There’s something to be said for your local patch

Now that I am equipped with spotting scope I feel the need to justify the expenditure and go out and about looking for exciting birds. But, fortunately I also have a greater urge to not bother going anywhere in the car. This led me to Daventry Country Park on a dull Saturday afternoon.

Was it exciting, did I see new and exciting birds? Well, that depends on your definition of new and exciting. This year I have decided to do a bird list. It seems that this is something that “serious” birders regularly do and some even describe themselves in terms of the numbers of species that they have seen. I have decided that I would just keep a list of those species that I see on my travels on my local patch (I rarely stray far from this patch unless it is a rare visit to the in-laws in Derbyshire). I am hoping for about 80 species.

Well, I am now past 50 thanks to the treecreeper and lesser redpoll that I saw at the CP. My spotting scope allowed me to see all the different shades of brown on the treecreeper, but then so did standing about 6 feet away from it at the bottom of the tree it was in. The scope did allow me to recognise the redpolls though as they were hiding at the very top of a tall tree. I would like to mention at this point though that I know that binoculars are better in a wooded area, but I was looking at the gulls on the reservoir when I decided to look behind me.

I watched an old episode of Birding with Bill Oddie and he pointed out that looking at a bird through a scope just put them in an entirely new light. I couldn’t agree more – I love my scope and now could not imagine life without one.

So, in addition to seeing thirty different bird species in one trip, watching a pair of grebes performing their courtship dance, I also managed to get a few OK shots of some of tamer wildfowl by the visitor centre. Not bad for a dull afternoon in February.


Environmentally Friendly Transport

As the weather was warm this Sunday I decided to go for a walk to the Country Park. I am lucky living in Daventry in that the conversion of the old railway line (I believe that this was one of Dr Beeching’s victims) has resulted in a tree lined path from the north side of Daventry to the town centre that involves crossing only one small road in a housing estate. Not only can I get to the Country Park without going near any major roads, but I can also get to the industrial estate that I work on by bicycle or on foot by the same path.

I have to applaud the council for providing this amenity, and for its upkeep. It has also provided me with views of various fauna including muntjac, squirrels, blackcaps and fieldfares. However, whilst Daventry Council is better than many in providing separate footpaths and cycle paths (although until recently the use of some footpaths involved crossing the road a few times when the paths inexplicably ran out on one side of the road and started again on the opposite side), they have also fallen prey to the strange tendency that seems to have befallen many councils.

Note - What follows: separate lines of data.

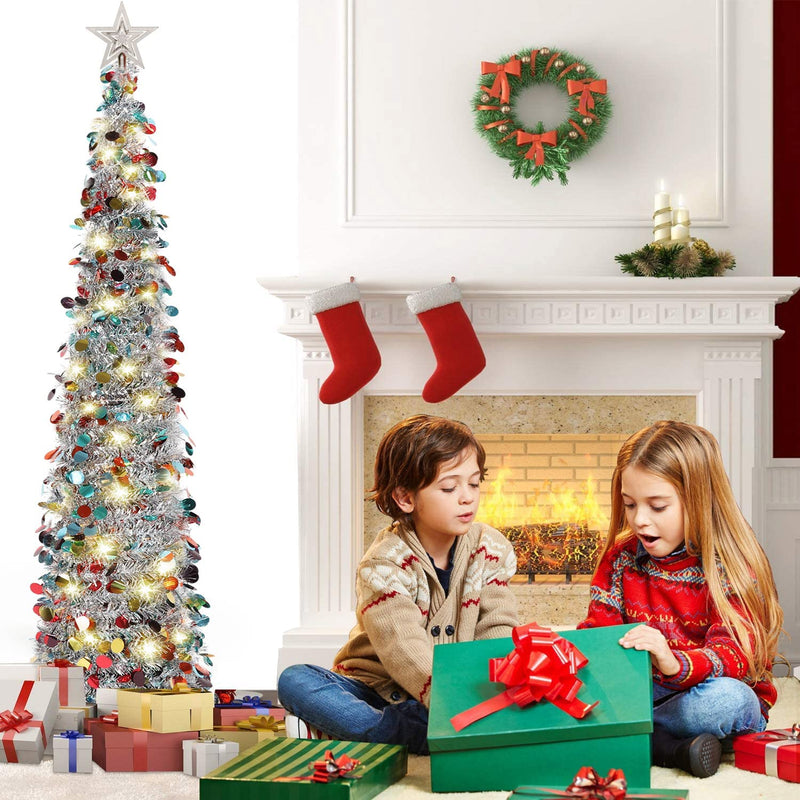HMASYO 5FT Pop Up Christmas Tree with Timer 50 Lights, Tinsel Christmas Tree, Collapsible Artificial Pencil Tree Xmas Decoration for Indoor Home Apartment Porch Party, Easy Assembly - Gift Guide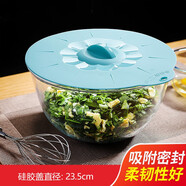 樂(lè )美雅進(jìn)口玻璃碗玻璃盆大號和面盆家用打蛋碗耐熱揉面盆加深拌餡 口徑24cm +硅膠蓋子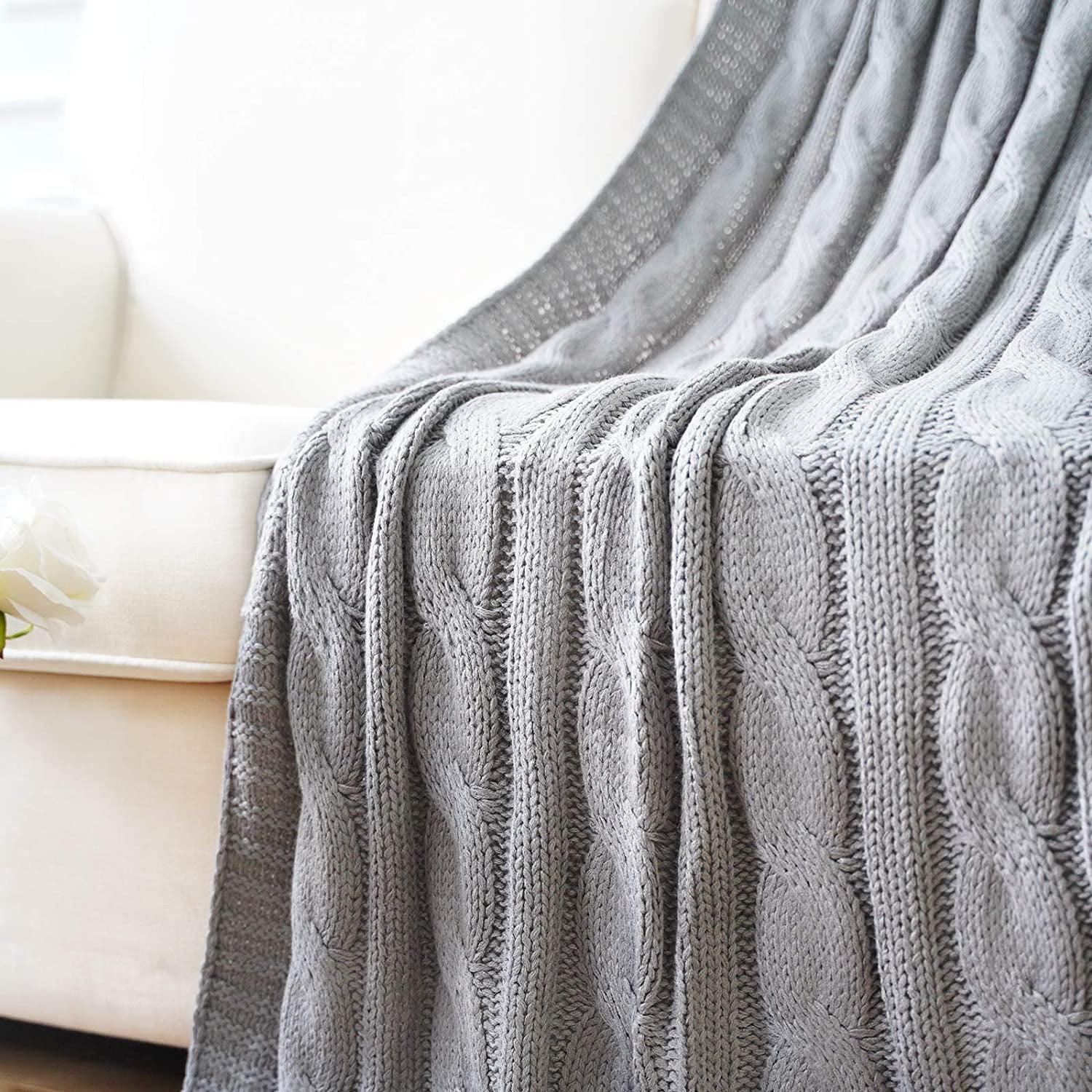 BATTILO Home Grey Cable Knit Throw Blanket for Sofa Comforter Couch Bed Recliner Living Room Bedroom Decor 50 x 60 Walmart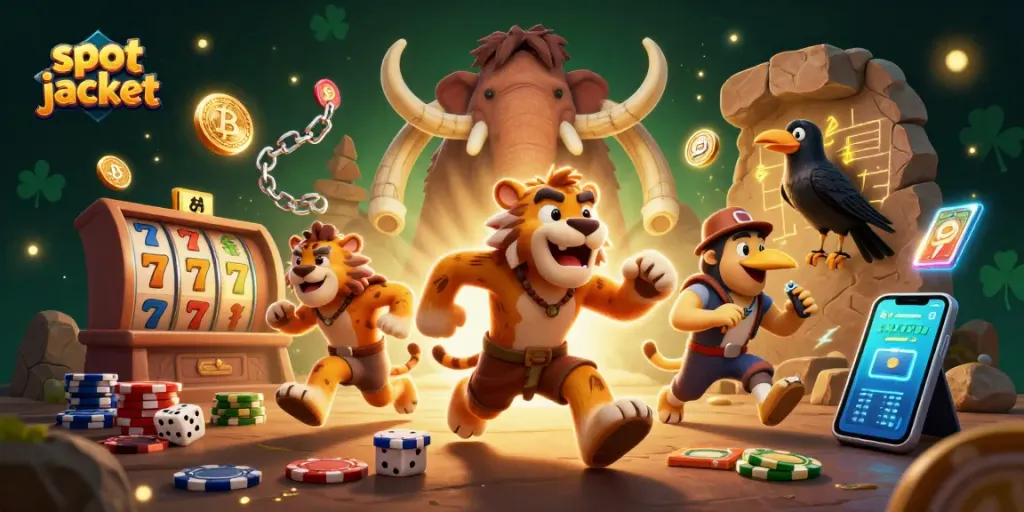 Spin the slot jackpot with a 3D caveman duo in a vibrant prehistoric casino.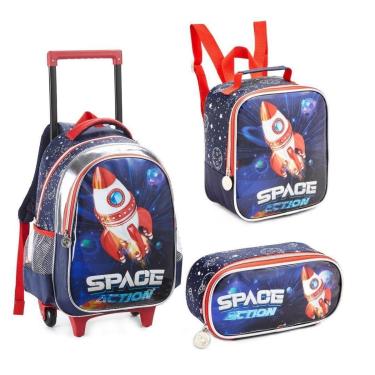 Imagem de Kit Mochila Com Rodinhas 3 PEÇAS mochila lancheira e estojo Infantil Foguete Astronauta-Unissex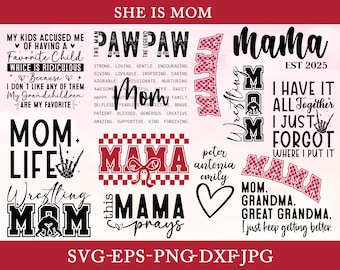 Mother's Day SVG Bundle, Mom Quotes & T-Shirt Designs, Mama Cut Files SVG PNG for Cricut, Digital Download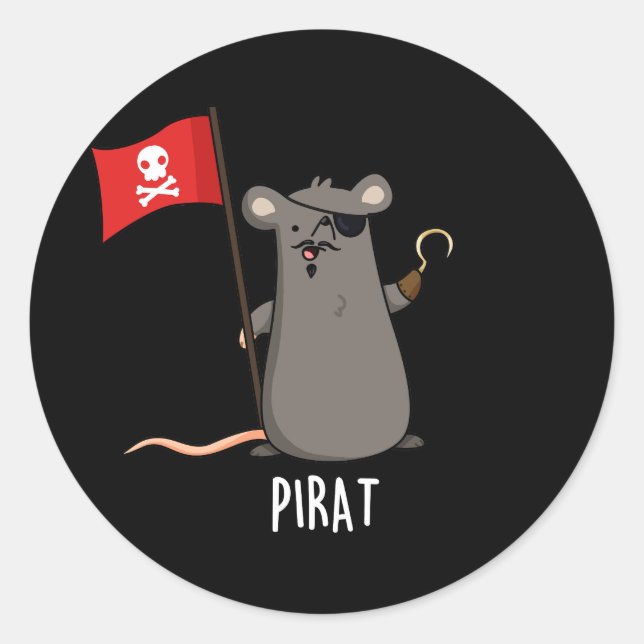 Pirat Funny Pirate Rat Pun Dark BG Classic Round Sticker (Front)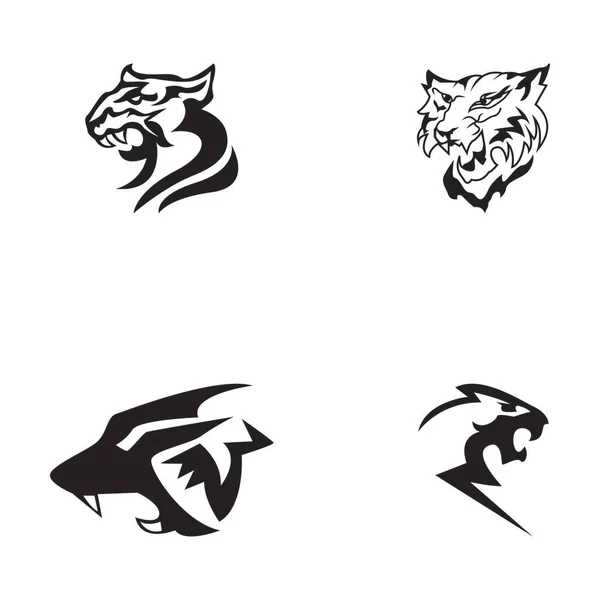 Ikona Tygrysa Szablon Symbolu Ilustracji — Wektor stockowy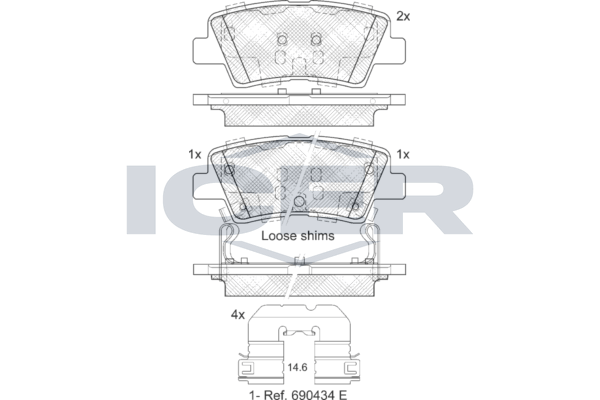 Handler.Part Brake pad set, disc brake ICER 182036203 1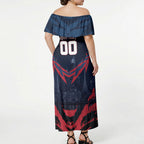 Personalised Melbourne Demons Football Off Shoulder Maxi Dress Fierce Devil Mascot 3D Grunge City Art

What am I talking about? The decision to put cycle paths along the side of the road, amongst all of the gutters. This type of cycle path causes all manner of problems.

Firstly, the lanes are narrow, and are not wide enough to cycle in. Secondly, the last place that cyclists want to be is in the same place as the gutter, these are noticeable enough when in a car, let alone on a bicycle. Thirdly, cars have a tendency to park in these lanes as there does not seem to be any hard and fast rules about where to park if there is a cycle lane.

cycle lane with gutters

End of the Cycle Lane However, there are two bigger problems than these, the paths often run out for no reason – then where am I supposed to cycle?

The final problem is one that I noted when waiting to walk across a road in a housing estate that has cycle lanes. I watched eight cars go past, but not one of those cars managed to travel 100 metres without crossing into the cycle lane. Tell me why should I get my bicycle out rather than getting in the car to go somewhere. Not only will I have to risk life and limb, but my bicycle will probably be stolen when I get to my destination.When will town planners realise that a coat is not sufficient protection for a bicycle compared to the metal shell of tonne of car? Cyclists should be given the same protection as pedestrians and given cycle lanes away from the danger and pollution of the road.